Le projet de directives de l’OMS recommande des limites d’eau potable de 100 parties par billion (ppt) individuellement pour l’acide perfluorooctanesulfonique (PFOS) et l’acide perfluorooctanoïque (PFOA) – deux des PFAS les mieux étudiés – et de 500 ppt au total pour les 29 composés PFAS qui peuvent être mesuré de manière fiable, même si c’est un sujet délicat. Les limites proposées par l’OMS sur le SPFO et l’APFO sont 25 fois plus élevées que celles proposées le mois dernier par l’US EPA, et un écart aussi important pourrait entraver les efforts fédéraux et étatiques pour mieux réglementer l’eau potable du pays.
Qu’est-ce qui explique l’écart flagrant entre les deux agences ? Selon le nouvel article, l’OMS a proposé des limites de PFAS relativement faibles parce que son groupe de travail affirme qu ‘ »il existe une incertitude importante et un manque de consensus sur la question de savoir si l’APFO et le PFOS peuvent être liés à des effets néfastes sur la santé ».

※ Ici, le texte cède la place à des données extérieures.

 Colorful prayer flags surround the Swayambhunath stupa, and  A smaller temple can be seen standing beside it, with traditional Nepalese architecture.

Southerland et Birnbaum ont condamné la conclusion de l’OMS comme « un mépris frappant et inapproprié pour la meilleure science disponible ». Comme l’ont noté les auteurs, de nombreuses études « associent l’exposition à l’APFO, au PFOS et à d’autres PFAS à de multiples effets sur la santé, notamment des effets immunitaires, une augmentation du cholestérol, des problèmes de foie et de thyroïde, des dommages à la reproduction et au développement et plusieurs types de cancer ».

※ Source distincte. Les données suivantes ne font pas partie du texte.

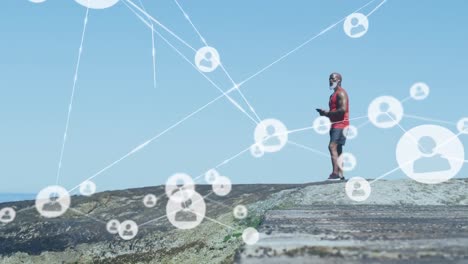 Animation-of-network-of-connections-over-senior-african-american-man-using-smartphone-at-beach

En plus de ne pas « prendre en compte les preuves scientifiques mondiales accablantes d’effets graves sur la santé dans les études épidémiologiques », les directives de l’OMS « déforment l’efficacité d’une technologie de traitement abordable et facilement disponible », ont soutenu Southerland et Birnbaum. « Alors que l’Agence européenne des produits chimiques envisage des restrictions sur la fabrication et l’utilisation de tous les PFAS sur la base de preuves scientifiques, il est étonnant que l’OMS maintienne qu’aucune valeur indicative basée sur la santé ne puisse être développée. Pour soutenir le travail des agences de santé publique du monde entier fournissant aux gens de l’eau potable, les niveaux d’orientation de l’OMS doivent être largement révisés.
Le nouvel article intervient près de six mois après que plus de 100 scientifiques ont envoyé une lettre appelant l’OMS à réviser complètement ou à retirer son projet de directives et à divulguer la paternité et les conflits d’intérêts potentiels.

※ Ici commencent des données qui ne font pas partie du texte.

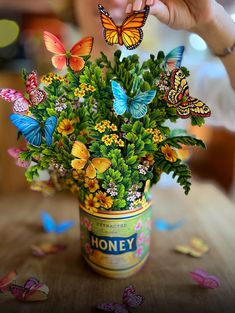 a person holding up a bouquet of flowers with butterflies flying around it on the table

En réponse à cette lettre et à d’autres demandes de transparence, l’OMS a publié une liste de contributeurs en janvier. Cependant, il n’est pas clair si la liste est exhaustive.
De plus, l’OMS n’a pas encore divulgué les commentaires qu’elle a reçus au cours de la période de consultation publique, et l’agence n’a pas non plus annoncé quand elle prévoyait de finaliser ses propositions de règles.
« Il est extrêmement important pour la sécurité de l’eau potable dans le monde », ont écrit Southerland et Birnbaum, « que les recommandations de l’OMS soient basées sur les meilleures données scientifiques disponibles sur les effets des PFAS sur la santé et l’efficacité de la technologie de traitement de l’eau potable ».